Advantages: simple model, read scalability, fault tolerance.

Disadvantages: the leader is a single point of failure for writes. Followers may serve stale data (replication lag).

If the leader dies, one follower gets promoted. This is called failover. It can be automatic or manual.

Synchronous vs Asynchronous Replication

Synchronous — the leader waits for followers to confirm the write before responding to the client. Guarantees no data loss but adds latency to every write.

Asynchronous — the leader responds immediately and replicates in the background. Fast writes but followers may lag behind. If the leader crashes before replicating, data is lost.

Most systems use semi-synchronous: one follower is synchronous (guarantees at least one copy), the rest are asynchronous.

Multi-Leader Replication

Multiple servers accept writes. Used for multi-region deployments where you want low-latency writes in every region.

The problem: write conflicts. Two leaders can accept different writes to the same record at the same time. Example: a user in Tokyo edits a shared document's title via the Asia leader, while their colleague in London edits the same title via the EU leader. Both writes succeed locally. When the leaders sync, which value wins?

Conflict resolution strategies:

Last write wins — use timestamps, latest write overwrites. Simple but silently loses the other write.
Merge the changes — combine both values (works for some data types like lists, not for a name field). Complex.
Let the application resolve — store both versions, show the user a conflict to resolve (like Git merge conflicts).

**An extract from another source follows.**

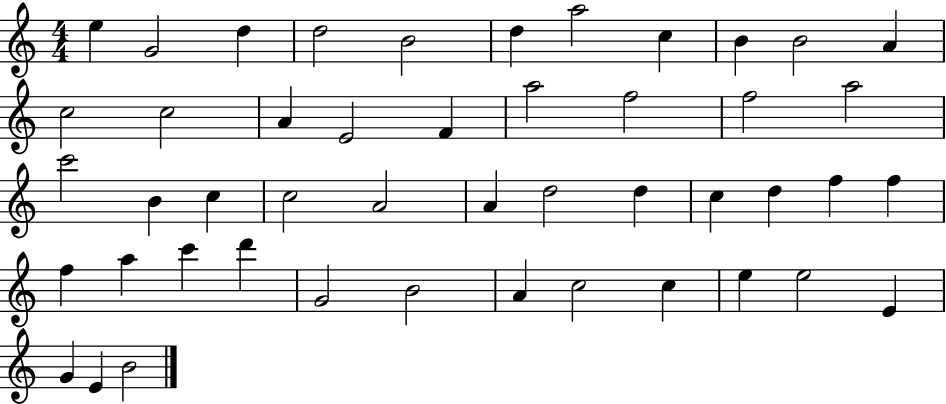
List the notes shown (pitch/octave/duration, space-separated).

E5/q G4/h D5/q D5/h B4/h D5/q A5/h C5/q B4/q B4/h A4/q C5/h C5/h A4/q E4/h F4/q A5/h F5/h F5/h A5/h C6/h B4/q C5/q C5/h A4/h A4/q D5/h D5/q C5/q D5/q F5/q F5/q F5/q A5/q C6/q D6/q G4/h B4/h A4/q C5/h C5/q E5/q E5/h E4/q G4/q E4/q B4/h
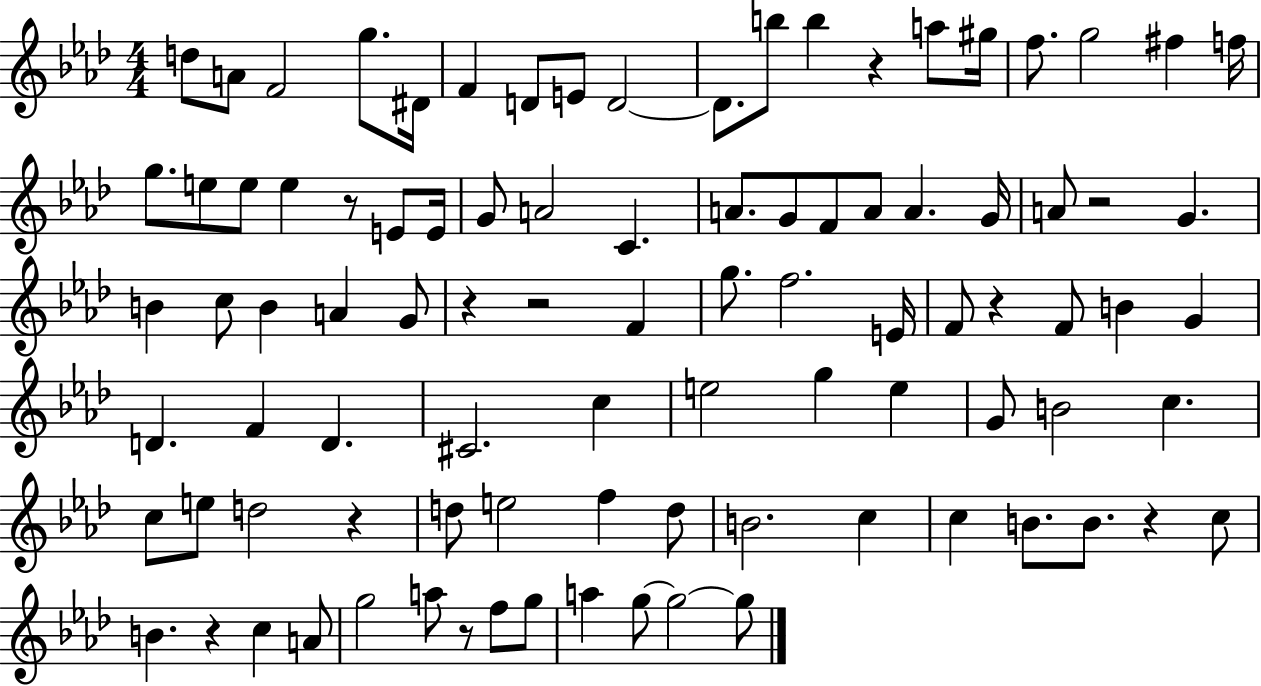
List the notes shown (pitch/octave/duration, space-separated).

D5/e A4/e F4/h G5/e. D#4/s F4/q D4/e E4/e D4/h D4/e. B5/e B5/q R/q A5/e G#5/s F5/e. G5/h F#5/q F5/s G5/e. E5/e E5/e E5/q R/e E4/e E4/s G4/e A4/h C4/q. A4/e. G4/e F4/e A4/e A4/q. G4/s A4/e R/h G4/q. B4/q C5/e B4/q A4/q G4/e R/q R/h F4/q G5/e. F5/h. E4/s F4/e R/q F4/e B4/q G4/q D4/q. F4/q D4/q. C#4/h. C5/q E5/h G5/q E5/q G4/e B4/h C5/q. C5/e E5/e D5/h R/q D5/e E5/h F5/q D5/e B4/h. C5/q C5/q B4/e. B4/e. R/q C5/e B4/q. R/q C5/q A4/e G5/h A5/e R/e F5/e G5/e A5/q G5/e G5/h G5/e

Multi-leader is complex. Avoid it unless you have a strong reason (multi-region low-latency writes).

Sharding (Partitioning)

Replication copies the same data to multiple servers. Sharding splits the data across multiple servers. Each shard holds a subset of the total data.

Why shard? When your dataset is too large for a single machine, or write throughput exceeds what one server can handle.

Sharding Strategies

Range-based — shard by ranges of a key. Users A-M on shard 1, N-Z on shard 2. Simple but can create hot spots (if most users have names starting with S).

Hash-based — hash the key and mod by the number of shards. Distributes data evenly. But range queries become expensive (you must query all shards).

Directory-based — a lookup service maps each key to its shard. Flexible but the directory is a single point of failure and a potential bottleneck.

Challenges of Sharding

Sharding adds significant complexity:

Joins across shards — expensive or impossible. You must denormalize.
Rebalancing — adding or removing shards requires moving data.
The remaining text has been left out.